By Johnny Jackson
Seated at the end of a table, slowly sipping a cup of coffee, Stockbridge resident Leroy Berry said, "Man, it's great to be home."
Berry's 20-year-old house was destroyed by fire last March, along with most of his possessions. He lost cherished photos of his 12-year-old daughter, Cierra Berry, who lives in New York City, and says he can't wait to rebuild his collection of mementos.
"What I miss most is my daughter's photos," said Berry, a 20-year veteran of the Air Force Reserve. "Those are things I can't get back."
One of Berry's neighbors discovered the blaze on a Saturday evening while Berry was out of town.
Except for a few of his badly-damaged car show and basketball trophies, most of what Berry had collected over the years was destroyed in the fire.
"At the same time, I was going through a divorce," he said. "I was really supported by friends and family. A lot of my neighbors have been supportive."
Last June, Berry began rebuilding his home to be more eco-friendly and energy efficient. He took on the task himself, acting as general contractor for the seven-month project.
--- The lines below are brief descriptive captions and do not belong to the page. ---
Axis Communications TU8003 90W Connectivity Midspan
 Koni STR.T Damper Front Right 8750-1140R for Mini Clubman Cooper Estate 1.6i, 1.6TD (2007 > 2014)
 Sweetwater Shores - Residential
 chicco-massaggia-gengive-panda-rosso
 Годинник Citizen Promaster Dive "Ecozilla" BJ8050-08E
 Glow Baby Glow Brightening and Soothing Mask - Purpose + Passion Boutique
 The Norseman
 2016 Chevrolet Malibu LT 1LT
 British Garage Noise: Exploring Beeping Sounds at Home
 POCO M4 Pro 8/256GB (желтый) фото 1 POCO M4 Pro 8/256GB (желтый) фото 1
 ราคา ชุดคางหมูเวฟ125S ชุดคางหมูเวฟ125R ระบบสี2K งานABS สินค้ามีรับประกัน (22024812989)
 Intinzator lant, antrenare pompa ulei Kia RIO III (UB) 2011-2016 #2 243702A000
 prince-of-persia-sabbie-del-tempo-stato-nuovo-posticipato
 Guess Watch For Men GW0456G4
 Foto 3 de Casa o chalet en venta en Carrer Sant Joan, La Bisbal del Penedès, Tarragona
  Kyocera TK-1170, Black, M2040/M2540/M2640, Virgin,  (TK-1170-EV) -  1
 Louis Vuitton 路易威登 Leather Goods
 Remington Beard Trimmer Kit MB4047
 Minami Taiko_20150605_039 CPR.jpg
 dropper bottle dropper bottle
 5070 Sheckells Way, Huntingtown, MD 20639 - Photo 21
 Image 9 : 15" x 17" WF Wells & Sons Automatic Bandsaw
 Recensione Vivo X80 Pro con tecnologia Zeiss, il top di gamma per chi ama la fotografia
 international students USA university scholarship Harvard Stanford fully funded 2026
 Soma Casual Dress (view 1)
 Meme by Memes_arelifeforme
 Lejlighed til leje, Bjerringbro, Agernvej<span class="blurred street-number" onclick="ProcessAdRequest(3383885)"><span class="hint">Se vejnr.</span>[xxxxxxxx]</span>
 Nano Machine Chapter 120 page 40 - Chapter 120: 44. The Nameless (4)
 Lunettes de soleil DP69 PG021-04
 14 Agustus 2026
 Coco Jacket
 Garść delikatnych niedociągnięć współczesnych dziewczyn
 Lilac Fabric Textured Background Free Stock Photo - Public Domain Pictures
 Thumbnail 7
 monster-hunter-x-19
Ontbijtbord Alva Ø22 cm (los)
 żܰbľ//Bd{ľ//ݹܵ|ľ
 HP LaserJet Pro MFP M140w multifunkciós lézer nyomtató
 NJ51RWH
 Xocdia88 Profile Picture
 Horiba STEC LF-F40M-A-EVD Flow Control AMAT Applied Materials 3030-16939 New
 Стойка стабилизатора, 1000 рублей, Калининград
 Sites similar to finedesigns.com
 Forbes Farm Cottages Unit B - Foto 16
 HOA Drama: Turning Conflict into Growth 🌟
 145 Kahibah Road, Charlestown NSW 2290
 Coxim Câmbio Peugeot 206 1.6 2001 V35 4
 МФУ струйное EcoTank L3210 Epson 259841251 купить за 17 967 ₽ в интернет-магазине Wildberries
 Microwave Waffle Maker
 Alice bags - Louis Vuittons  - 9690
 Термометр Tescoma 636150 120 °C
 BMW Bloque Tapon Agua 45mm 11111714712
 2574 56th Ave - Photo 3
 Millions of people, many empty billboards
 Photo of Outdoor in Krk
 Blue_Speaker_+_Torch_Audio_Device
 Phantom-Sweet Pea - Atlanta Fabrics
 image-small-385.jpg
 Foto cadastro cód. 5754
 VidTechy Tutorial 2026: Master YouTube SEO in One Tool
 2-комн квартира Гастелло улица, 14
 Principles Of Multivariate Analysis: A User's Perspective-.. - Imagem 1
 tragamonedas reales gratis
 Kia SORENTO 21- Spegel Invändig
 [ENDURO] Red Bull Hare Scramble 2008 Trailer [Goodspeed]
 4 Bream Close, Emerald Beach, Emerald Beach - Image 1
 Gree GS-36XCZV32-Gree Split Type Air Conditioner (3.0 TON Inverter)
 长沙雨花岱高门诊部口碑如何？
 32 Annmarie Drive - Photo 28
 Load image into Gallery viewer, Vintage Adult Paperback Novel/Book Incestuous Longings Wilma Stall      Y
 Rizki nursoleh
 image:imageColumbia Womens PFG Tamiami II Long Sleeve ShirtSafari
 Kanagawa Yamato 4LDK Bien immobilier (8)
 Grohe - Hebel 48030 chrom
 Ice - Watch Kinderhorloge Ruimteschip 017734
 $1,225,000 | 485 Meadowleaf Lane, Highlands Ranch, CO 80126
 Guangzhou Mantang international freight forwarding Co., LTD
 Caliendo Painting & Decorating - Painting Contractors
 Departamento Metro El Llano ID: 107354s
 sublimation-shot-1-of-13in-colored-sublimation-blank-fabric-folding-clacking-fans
He is disabled and retired from Ford Motor Company, which allowed him time to devote to rebuilding.
He moved into the house late last December and was able to eat Christmas dinner with his daughter in their new home.
At 3,800 square feet, Berry's new two-story house has three bedrooms and four bathrooms, upstairs and downstairs kitchens, a game room, a dining room, a bar, a one-car garage, and two screened-in decks.
"Don't try to tackle this on your own," he said. "Some parts were smooth, and some parts weren't. It's all a lot of hard work."
Rebuilding after a fire is difficult for many families, according to Henry County Fire Department Capt. Sabrina Puckett.
"Preventing fires from happening is part of Henry County Fire Department's mission," Puckett said. "But when someone does experience the devastation of losing their home and has been able to pick up the pieces and rebuild, it definitely brings joy to those who see and know the pain homeowners must feel as their water- and soot-filled belongings are pulled from their destroyed homes."
Fire officials encourage residents to mindful of the placement of space heaters and other potentially dangerous appliances.
"Henry County Fire Department would like to remind citizens of the importance of having working smoke alarms and encourages all citizens to take preventative measures to decrease their fire risk and increase their safety," Puckett said.
Berry plans to host a barbecue this spring for his neighbors, friends, family, and those who have helped him through the process of rebuilding.
"It's not by my strength, it's by the grace of God," said Berry. "He's seen me through this crisis."